In “Correspondances” contemporary artists put their own creation in resonance with a work in the collection of the Musée d’Orsay. For this new series, Emmanuel Saulnier has chosen Odilon Redon and Jannis Kounellis measures himself with the famous Angelus by Jean-François Millet.

Emmanuel Saulnier / Odilon Redon
A French artist born in 1952, Emmanuel Saulnier never stopped reflecting on and revisiting two essential notions of his work: the presence of the object and movement. For Saulnier, the physical implication of work invites the use of all spaces, often those you would not expect, communal areas, public spaces or natural countryside. Subtle and poetic, this approach to art involves transparency, fragility and balance, reminding us that a work of art leads to a vision, a thought, by forming a space of metaphors. Through these curious preconceptions, Emmanuel Saulnier liberates himself and his work from the usual structures of artistic creation. His sculptures, in the paradox of the used materials, fragile (glass) or solid (stone), develop another relationship with the pedestal, the floor and the earth, echoing Brancusi. In a certain way, the strength of the vision and the reflections that form its base guarantees the work a pedestal of its own stability and longevity. Rather than a particular piece of work, Saulnier has chosen the figure of Odilon Redon, by installing his work Ben Irakim. Je suis loin (2003) in the very centre of the room dedicated to the artist, bathing this installation, where glass supports stone, in the elliptical light of pastels. For Saulnier, Odilon Redon offers another aspect to the notion of movement, as the romantics and impressionists have spoken of it, to go and to go far, new landscapes or exotic lands, proclaiming the imperious necessity to internalise this movement, making it thus more profound and intense.
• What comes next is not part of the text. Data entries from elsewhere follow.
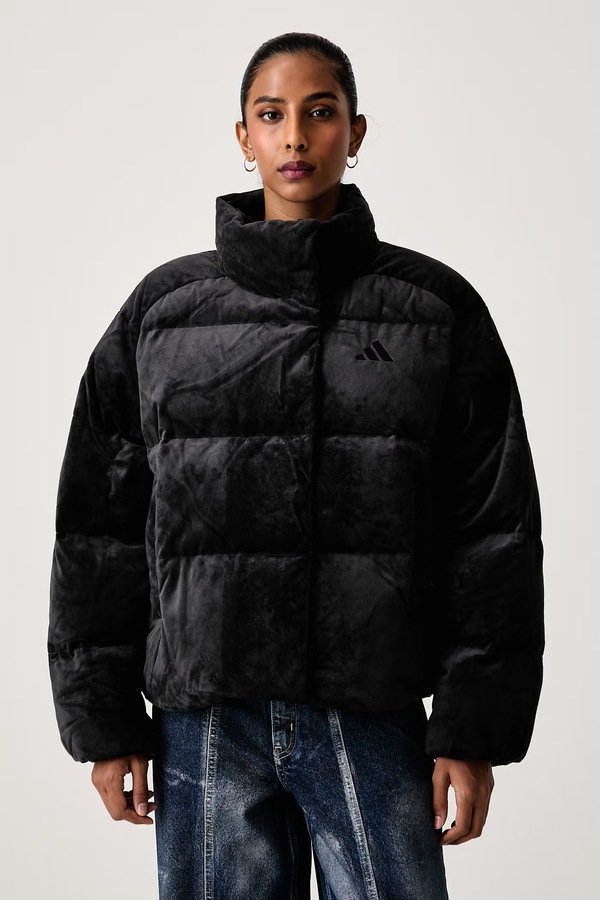 Короткая куртка женская adidas Helionic цвет черный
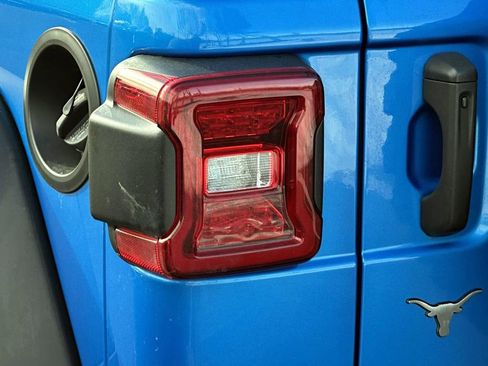 Used 2022 Jeep Wrangler Unlimited Sport image 12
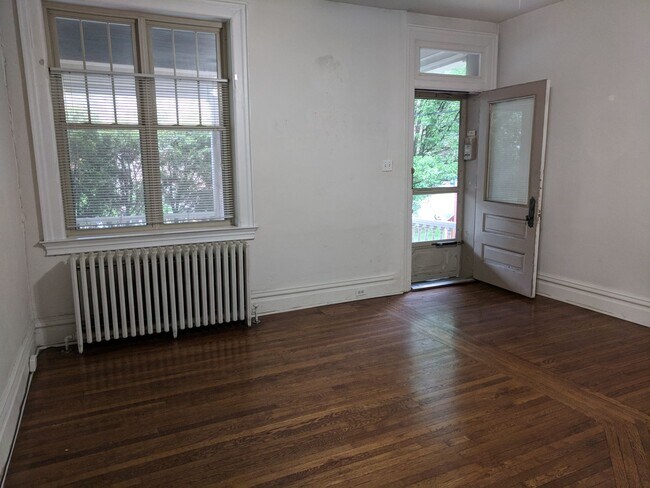 Building Photo - Wonderful First Floor Property!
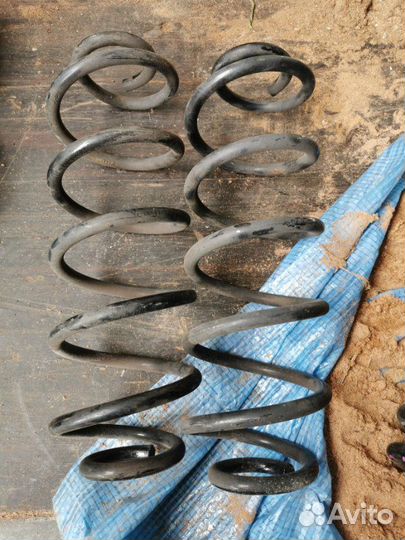 Пружина Audi A4 cdnf 2010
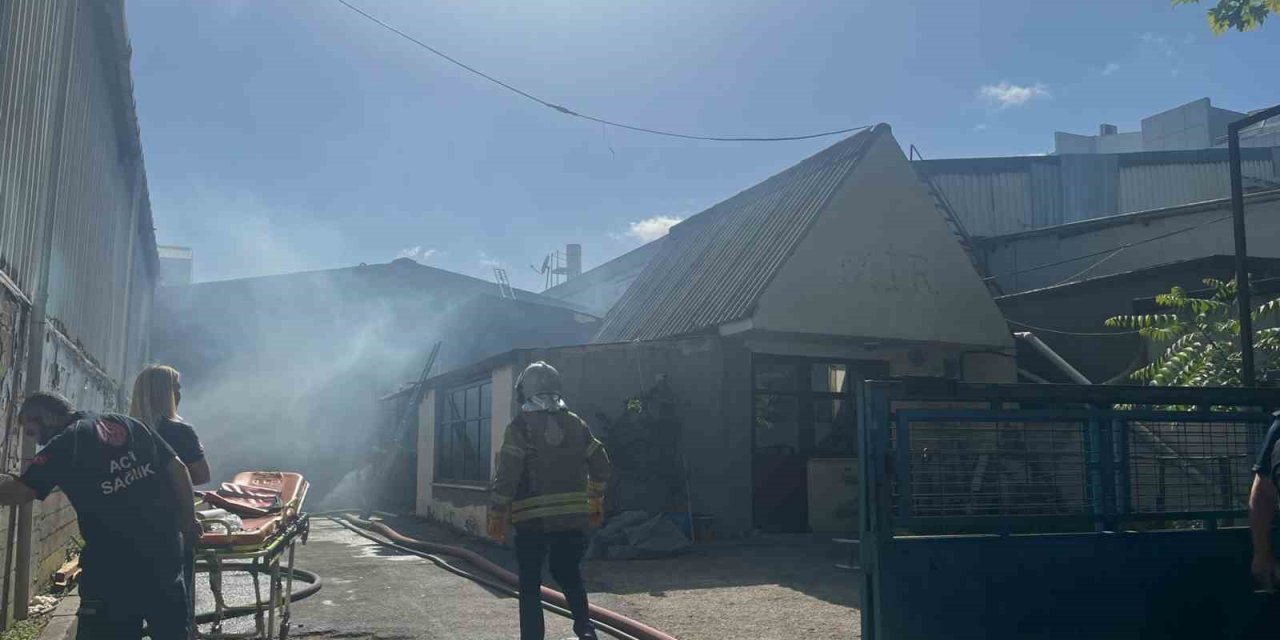 Avcılar’da Mobilya İmalathanesinde Yangın: 1 İşçi Dumandan Etkilendi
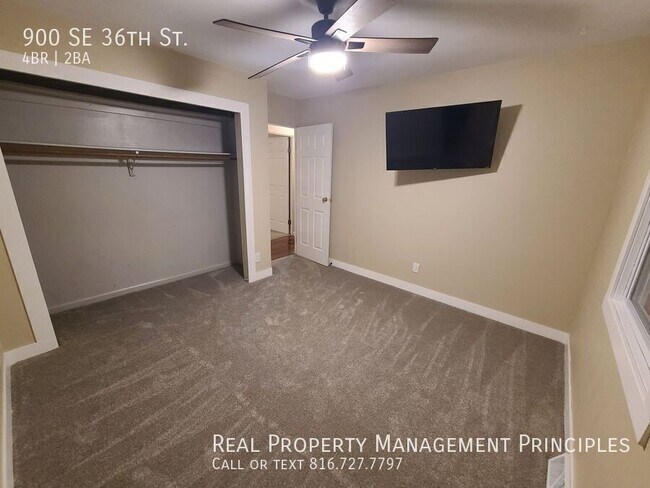 Building Photo - 900 SE 36th St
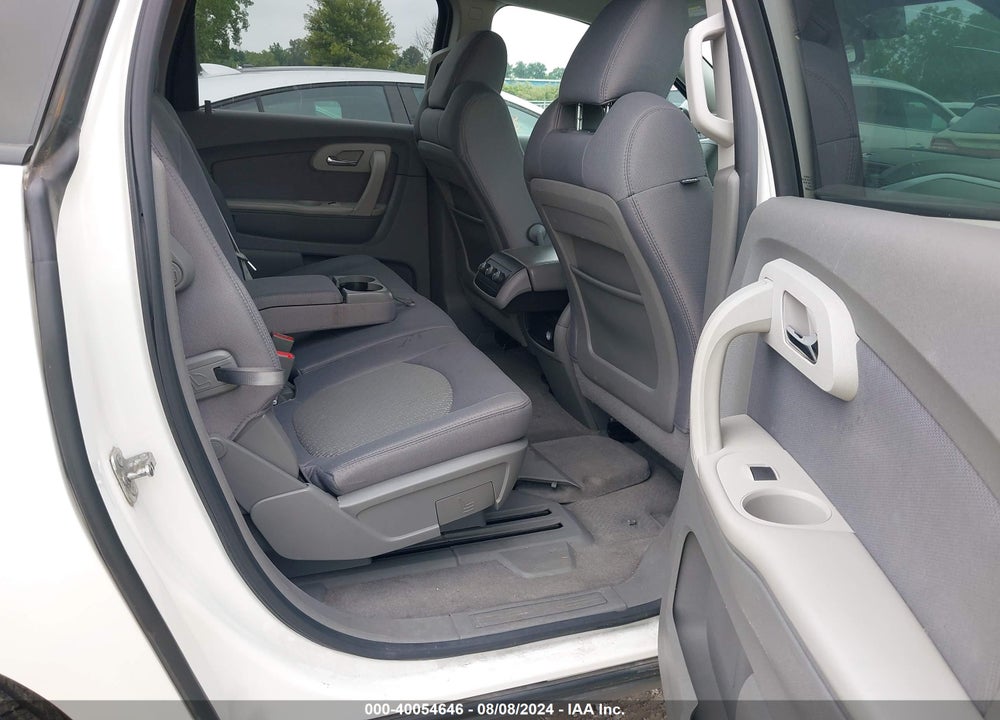 2012 CHEVROLET TRAVERSE LS VIN: 1GNKVFED9CJ227914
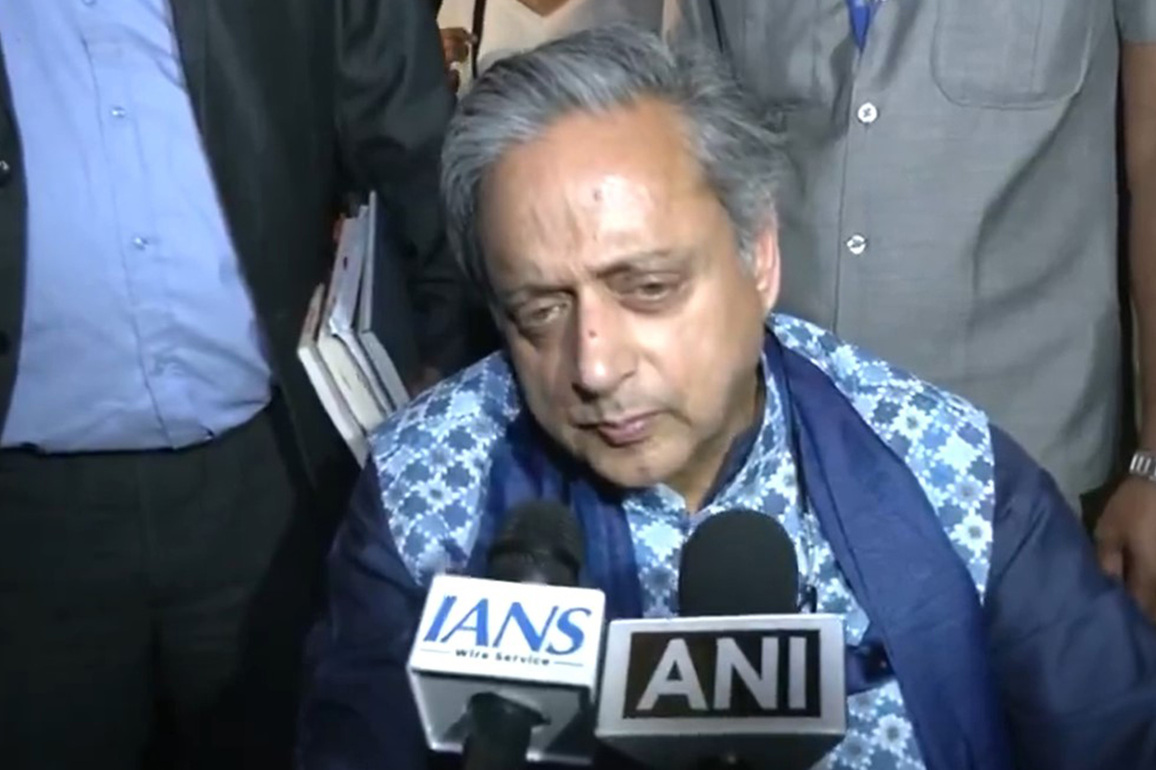 Would have been "nice thing" if oppn leaders were there: Shashi Tharoor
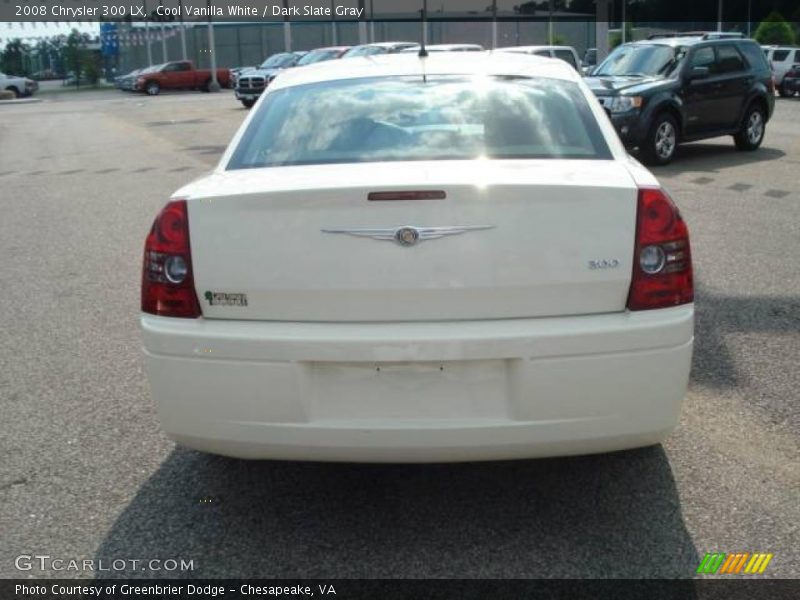 Cool Vanilla White / Dark Slate Gray 2008 Chrysler 300 LX
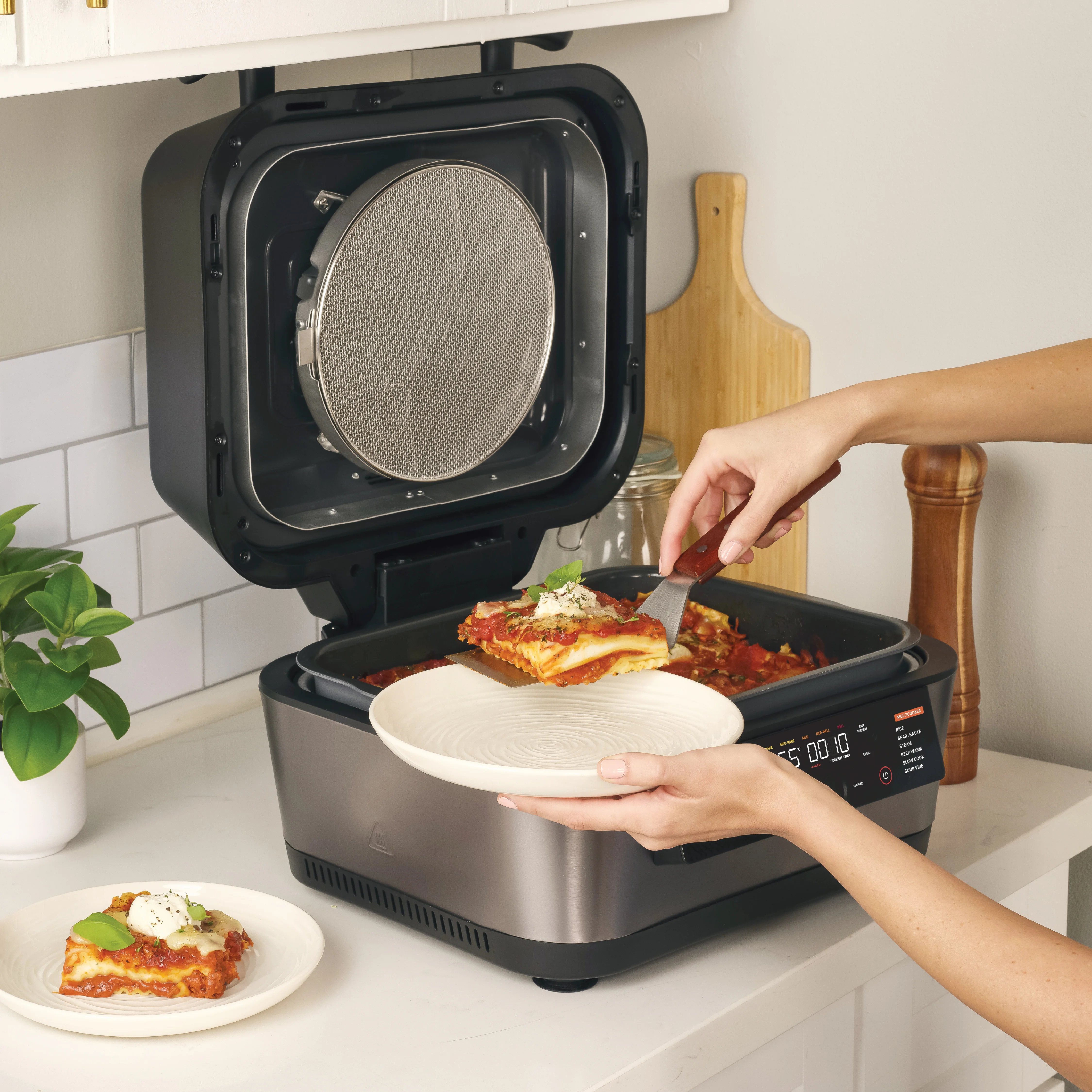 Revolution 3-in-1 Grill, Air Fryer & Multicooker - Image 8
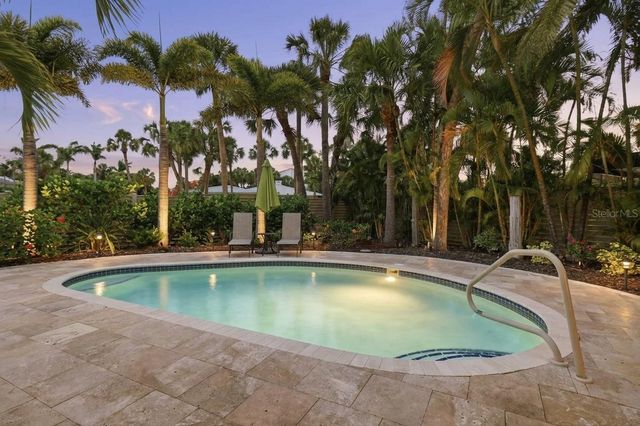 409 N WASHINGTON DRIVE, Sarasota, FL 34236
Jannis Kounellis / Jean-François Millet
Born in Greece in 1936, Jannis Kounellis lives and works in Italy. A prominent figure in contemporary art since the late 1950s, Kounellis is, despite his claimed independence, linked to the Arte Povera movement, according to the term used by the critic Germano Celant in 1967. An attitude more than an artistic movement, Arte Povera promotes the idea of resistance to traditional social frameworks, in a revolutionary way, and arouses a critique of the present time by taking support on the constant reference to nature. When defining it, Celant insists on the analogy between art and guerrilla, with what it implies in reaction, mobility and precision: to discard the traditional materials and usual structures of art in order to react more quickly to the world, without being bound by the cultural economy. It is to this radical lack of resources, and not without resort to an evident stylishness, that the wealth of conceptual reflections displayed responds. This movement unites artists as varied as Giovanni Anselmo, Luciano Fabro, Mario Merz, Giulio Paolini and Pino Pascali. Fascinated by the relationship between nature and culture, Jannis Kounellis interrogates himself over the interactions between organic, mineral and animal materials (carbon, milk, stone, wood) and natural elements (air and fire), inventing his own poetic language. This language lends itself to the sacred and to mysterious, but also to the primate of feelings, never before assessed by such a title, but bought about by the immediacy of the work, its theatricality and its sensuality, fundamental things in an artist for whom the essential resides in the expansion of the “kingdom of senses” (Germano Celant)… Coming from a pictorial tradition which would connect Caravage to the cubists, Munch to De Chirico, and being far more than sculptural, Kounellis has chosen to correspond with Millet’s Angelus.